Frank Shuter
- Born: 17 June 1943 Rotorua, New Zealand
- Died: 12 July 1997 (aged 54) California, United States
- Nationality: New Zealander

Career history

Great Britain
- 1965-1968: Swindon Robins
- 1969-1970, 1972: Poole Pirates
- 1973-1974: Exeter Falcons

United States
- 1976: LA Sprockets

Individual honours
- 1971: New Zealand Champion

Team honours
- 1967, 1969, 1974: British League Champion
- 1967, 1968: Midland Cup Winner

= Frank Shuter (speedway rider) =

New Zealand speedway rider

Franklin John Shuter (17 June 1943 – 12 July 1997) was a New Zealand motorcycle speedway rider. He rode with, and was League champion with each of the Swindon Robins, the Poole Pirates and the Exeter Falcons in the British League. He earned 14 caps for the New Zealand national speedway team.

== Biography ==
Shuter was born in Rotorua but spent most of his early life in Christchurch after his parents moved there in 1952. His father Frank, was one of the South Island's leading motor racing drivers. In the early 1960s Shuter drove his father's cars in races at Tahuna Beach, Ruapuna and Wigram. He also competed in motocross events.

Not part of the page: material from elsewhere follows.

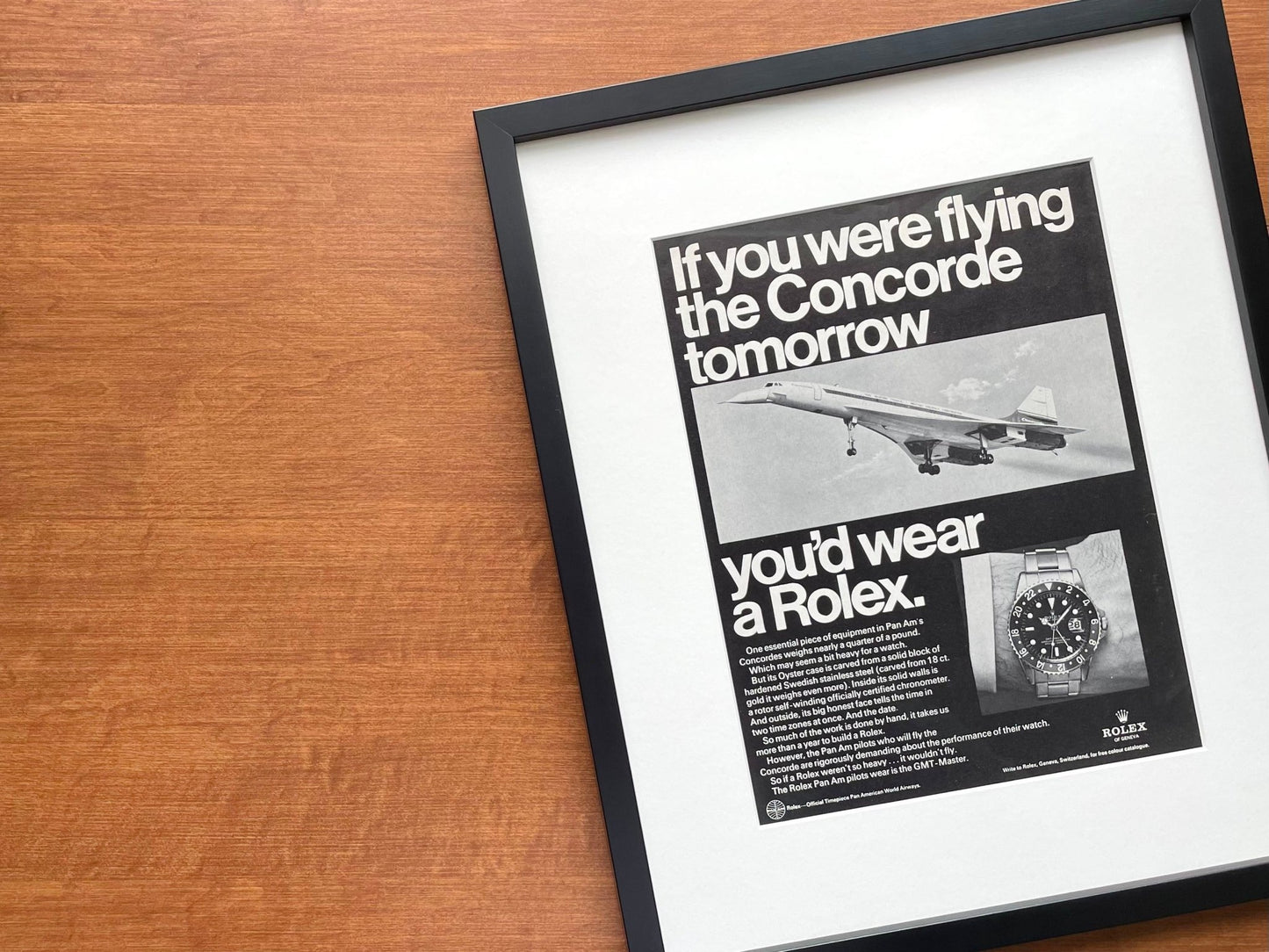 1969 Rolex GMT Master Ref. 1675 "If you were flying the Concorde..." Advertisement in Black Wood Frame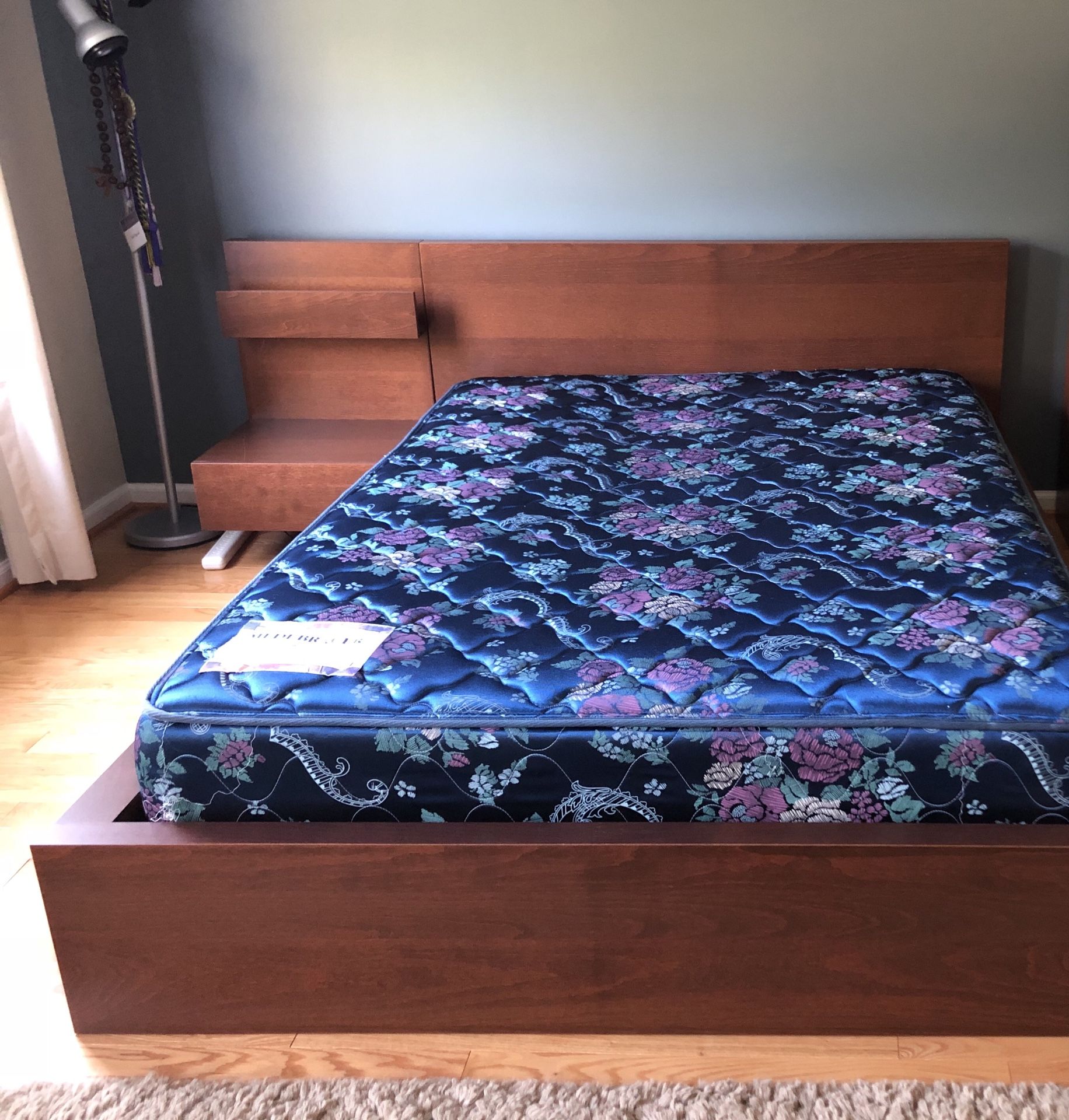 IKEA Malm Cherry Full / Double Bed Frame, Slats and Nite Table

Shuter began riding speedway at the Templeton Speedway in Christchurch in 1963. He moved to England in 1965 and joined the Swindon Robins. In 1969 he was transferred to the Poole Pirates. In late 1970 he returned to New Zealand and had a break from speedway for a year. Shuter won the New Zealand Championship in 1971. He returned to England in 1972 and rode for Poole again. The following year, he was transferred to the Exeter Falcons. When Exeter won the League Championship in 1974, he became the first rider to win three league medals with different clubs. He retired from riding in the British League at the end of 1974 and moved to Israel. While living there he rode for a Rest of the World team v. U.S.A. in March 1976. He then moved to California to ride for the LA Sprockets in the American League. He was injured in a track accident and retired from speedway in May 1976.

== Personal life ==
In the late 1970s, Shuter lived Los Angeles. He established an engineering machining business called All Right Machining in Los Angeles which worked on engines and transmissions for aircraft companies. He later moved the business to Hemet, and in 1996, he sold it to the Stillen Company. He died in a traffic accident on 12 July 1997.